◆ Work instructions: Under this line are records; the part from the line containing "Kayserispor’da Radomir Djalovi’nin" through the line containing "Cooler Master MM712" should be repeated exactly. Please exclude pictures.

◆ Records provided:
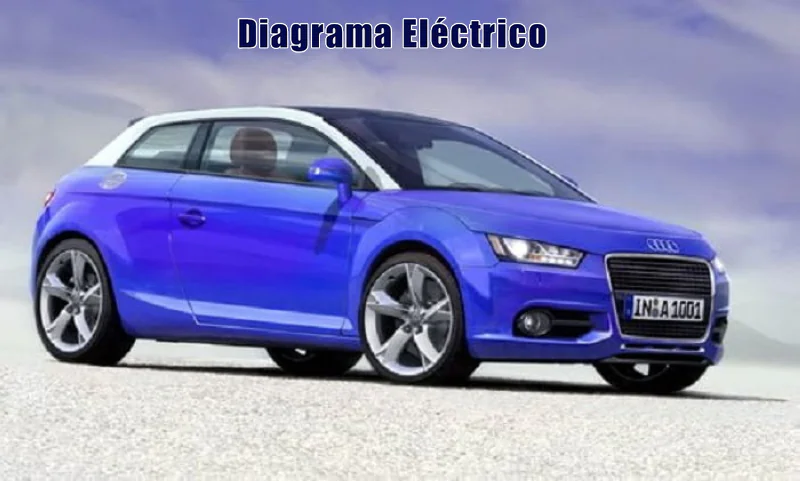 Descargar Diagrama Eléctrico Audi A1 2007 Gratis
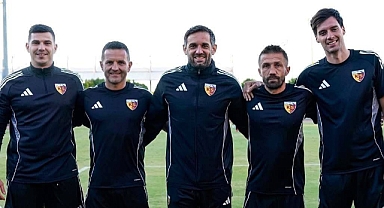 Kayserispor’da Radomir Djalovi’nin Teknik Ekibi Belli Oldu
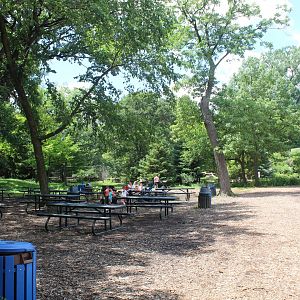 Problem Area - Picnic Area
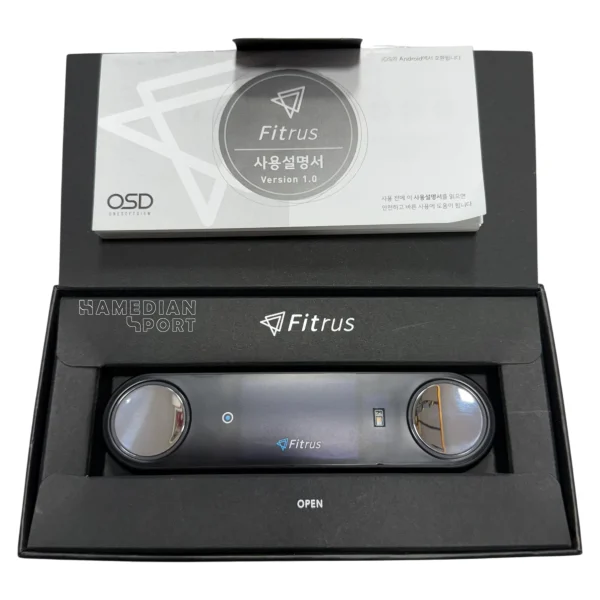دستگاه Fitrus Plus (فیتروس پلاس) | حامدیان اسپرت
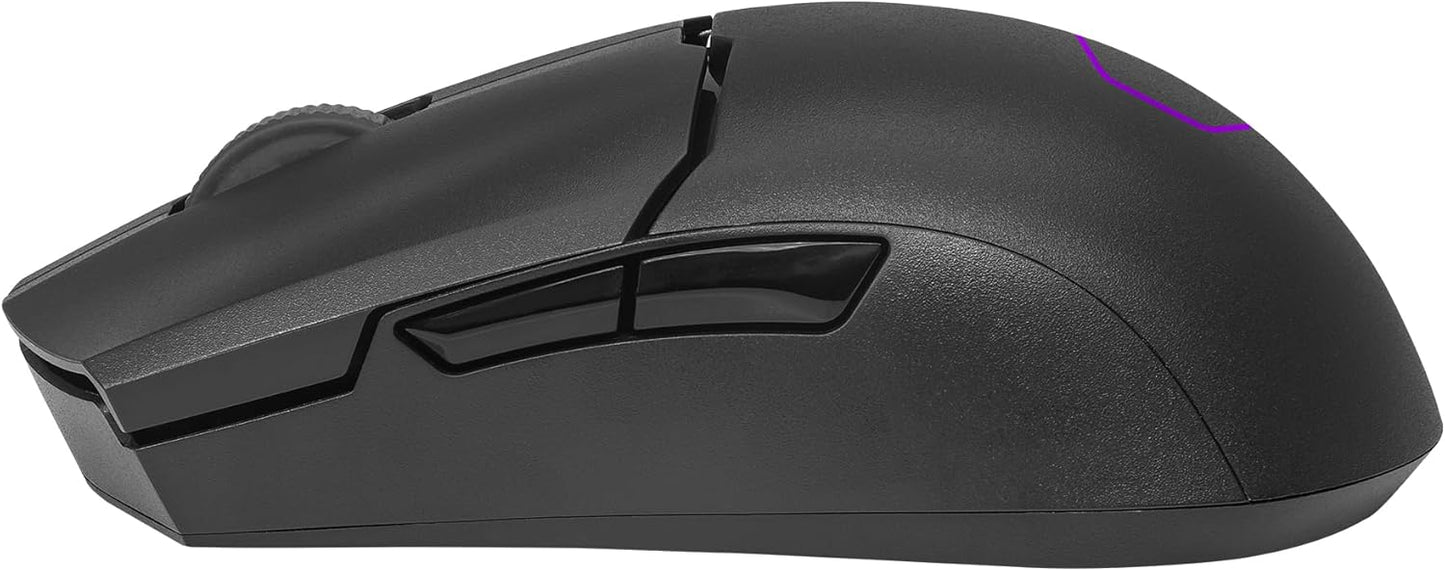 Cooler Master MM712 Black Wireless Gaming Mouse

...

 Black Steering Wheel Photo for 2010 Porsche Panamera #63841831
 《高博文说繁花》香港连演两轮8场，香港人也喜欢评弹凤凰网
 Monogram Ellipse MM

◆ Exercise response:
 Kayserispor’da Radomir Djalovi’nin Teknik Ekibi Belli Oldu
 Problem Area - Picnic Area
دستگاه Fitrus Plus (فیتروس پلاس) | حامدیان اسپرت
 Cooler Master MM712 Black Wireless Gaming Mouse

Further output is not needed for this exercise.